CCLP's 2024 legislative wrap-up focused on expanding access to justice, removing administrative burden, supporting progressive tax and wage policies, preserving affordable communities, and reducing health care costs.

Affordable Housing Policy Forum Recap, Part 1: The Event, ARPA, & more

by | Jul 25, 2022

Earlier this month, CCLP hosted its first ever Policy Forum series event on the Future of Affordable Housing in Colorado. We had an incredible turnout with thoughtful questions and in-depth conversations. From federal funding given to the housing sector, to the struggles of re-entry after incarceration, to the need for accessibility for individuals with disabilities, the event affirmed that affordable housing is a complex and critical topic in Colorado. Rising rents, cash offers, limited housing, and difficult landlords are just some of the barriers Coloradans face. While there is no one answer to solve every housing issue, the Policy Forum event served as an opportunity to share insights from the legislative front lines while hearing directly from community partners and residents hailing from across the state. We are grateful for the deluge of wonderful interaction and want to share just some of the details that arose from this fast-paced hour event. 

This is part 1 in a series of 3. Continue reading about the event and the issues of affordable housing in parts 2 and 3 with links at the bottom of this article.

You can also watch the full event on our YouTube channel.

Colorado’s Affordable Housing Crisis 

With a high demand for homes and the state having a low supply, it’s no wonder Colorado is facing an affordable housing crisis. The supply of housing has failed to keep pace with population growth, but several compounding factors contribute to both those shortages, as well as to other reasons why Colorado housing is so unaffordable right now. Some factors may be out of community control, such as mortgage interest rates, economic conditions, an influx of new residents, or the cost of materials and labor. But local policies including zoning and land regulations have also resulted in a mismatched supply and demand for housing.  

Read more about affordable housing bills passed in 2022 in our Housing Legislation list here.


ARPA Funding in CO 

One of the topics discussed at the event was the role of American Rescue Plan Act (ARPA) funding in providing new opportunities to support Coloradans experiencing poverty. 

In the last five years, awareness of housing affordability has become more widespread among lawmakers. Many bills passed in recent years have generated affordable housing and expanded protections for tenants, but also proved that increased funding is necessary to accomplish meaningful policy changes.
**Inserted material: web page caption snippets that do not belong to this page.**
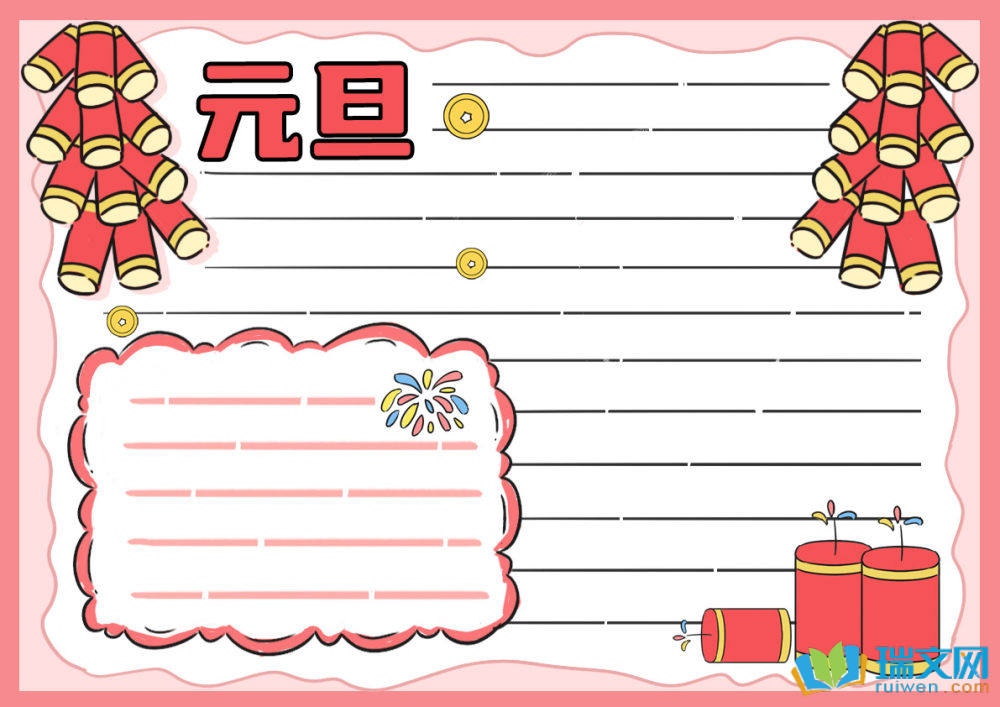 小學(xué)生元旦手抄報(bào)（精選9張）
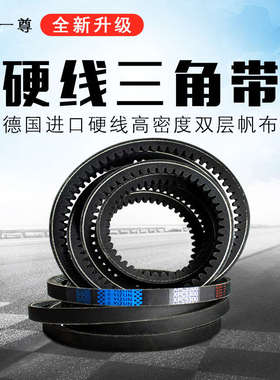 一尊三角带XPC型1918/2000/2120/2150/2240/2360/2450齿形传动带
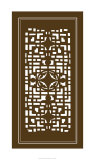 Shoji Screen in Brown IV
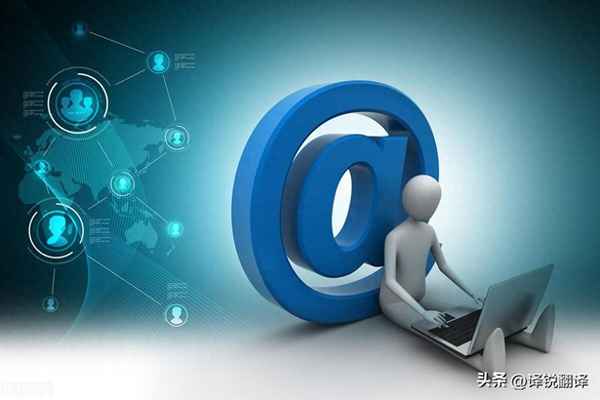 公司簡介的英語怎么說—公司簡介英語怎么說作文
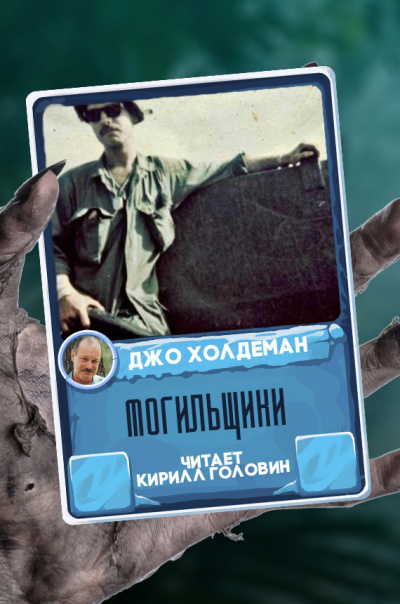 Холдеман Джо - Могильщики - Читать книги онлайн | Слушать аудиокниги онлайн | Электронная библиотека books-lib.com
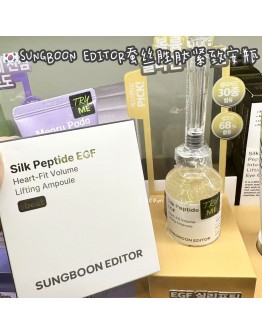 【代购】SUNGBOON EDITOR 蚕丝胜肽紧致安瓶 35ML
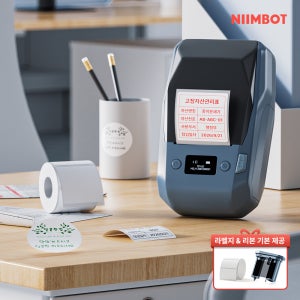 NIIMBOT M2 열전사 고해상도 라벨프린터, 사무용품 케이블 주얼리 에센셜오일 화장품 가격표 블루투스 스마트 라벨기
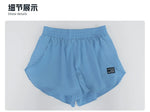 Breathable Yoga Tennis Shorts Women Anti Glare Belt Lined Sports Pants Outwear Quick Drying Training Running Fitness Shorts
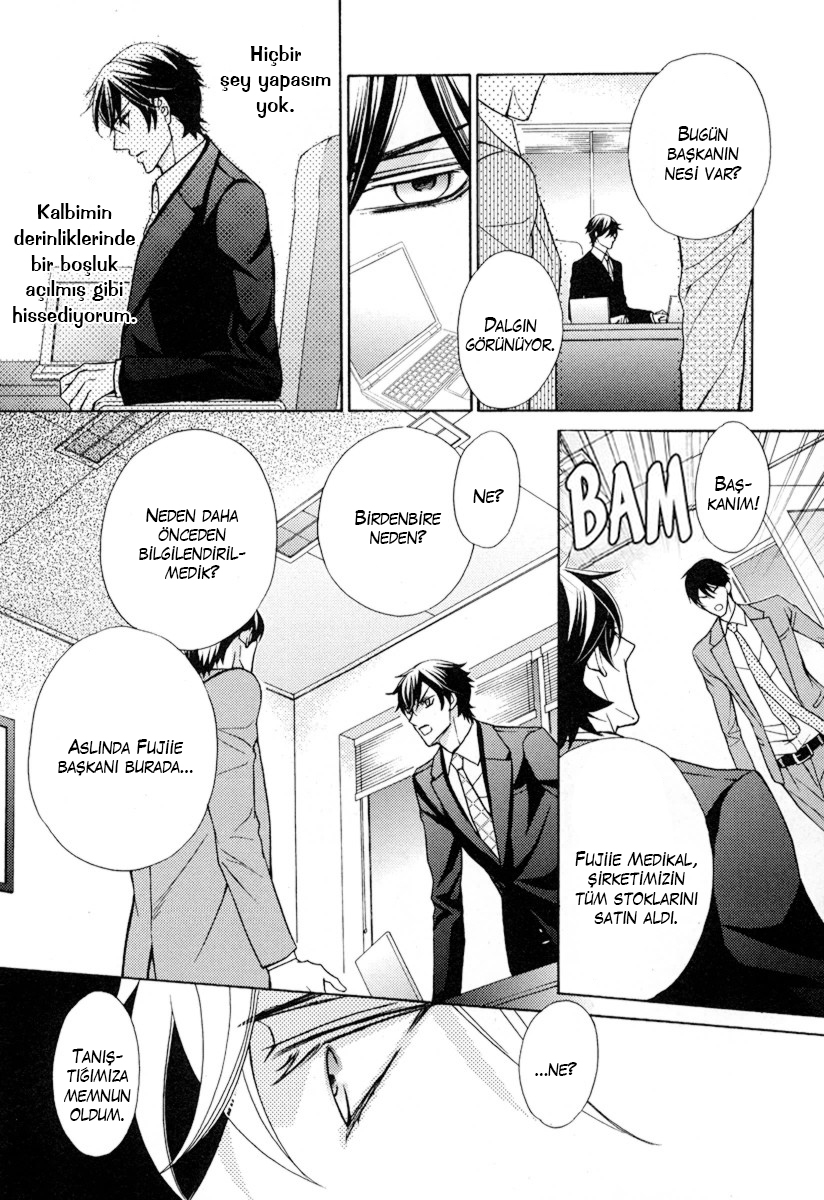 Ore no Mono ni Narinasai Vol. 1 Ch. 5 第31页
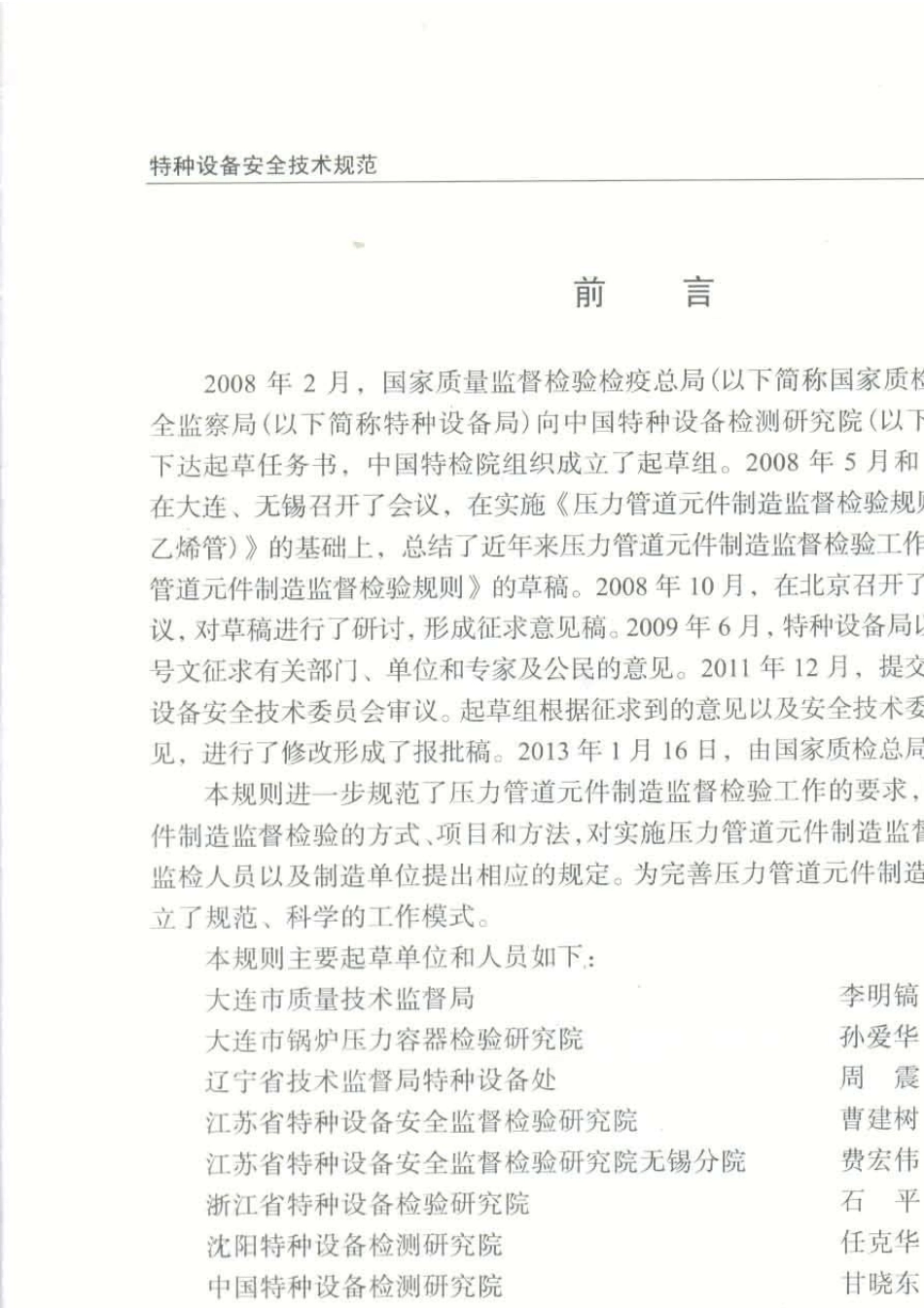 压力管道制造监督检验规则TSGD70012013_第3页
That need for government investment in affordable housing grew substantially due to the immense difficulties Americans faced during the COVID-19 pandemic. So, in 2021, President Biden signed ARPA into law, providing, among other things, a one-time direct financial relief to the states. 

Colorado received more than $9 billion in ARPA funding, including $528 million earmarked for the housing sector. Colorado’s legislature further split this funding into legislation passed in 2021 and 2022, with a large portion going to two grant programs funding local governments and nonprofit organizations to support affordable housing.  

Our friends at Colorado Health Institute created an insightful interactive map identifying where ARPA funding will be distributed. 


Environmental Factors 

As participants observed, affordable housing is not just about new construction; the topic must factor environmental concerns as well. Environmental advocacy transforms the way we see housing in a way that is sustainable and creative. One example of this is seen through the efforts to use public land for public good, such as public institutions using their land to build housing. Following the federal Base Conversion Act of 1992, the military has converted closed bases such as the Alameda naval base in California into residential districts with hundreds of homes, many of which are designated affordable housing units. Similarly, cities across the country have incentivized developers to transform old and empty buildings into single use occupancy (SRO) hotel rooms.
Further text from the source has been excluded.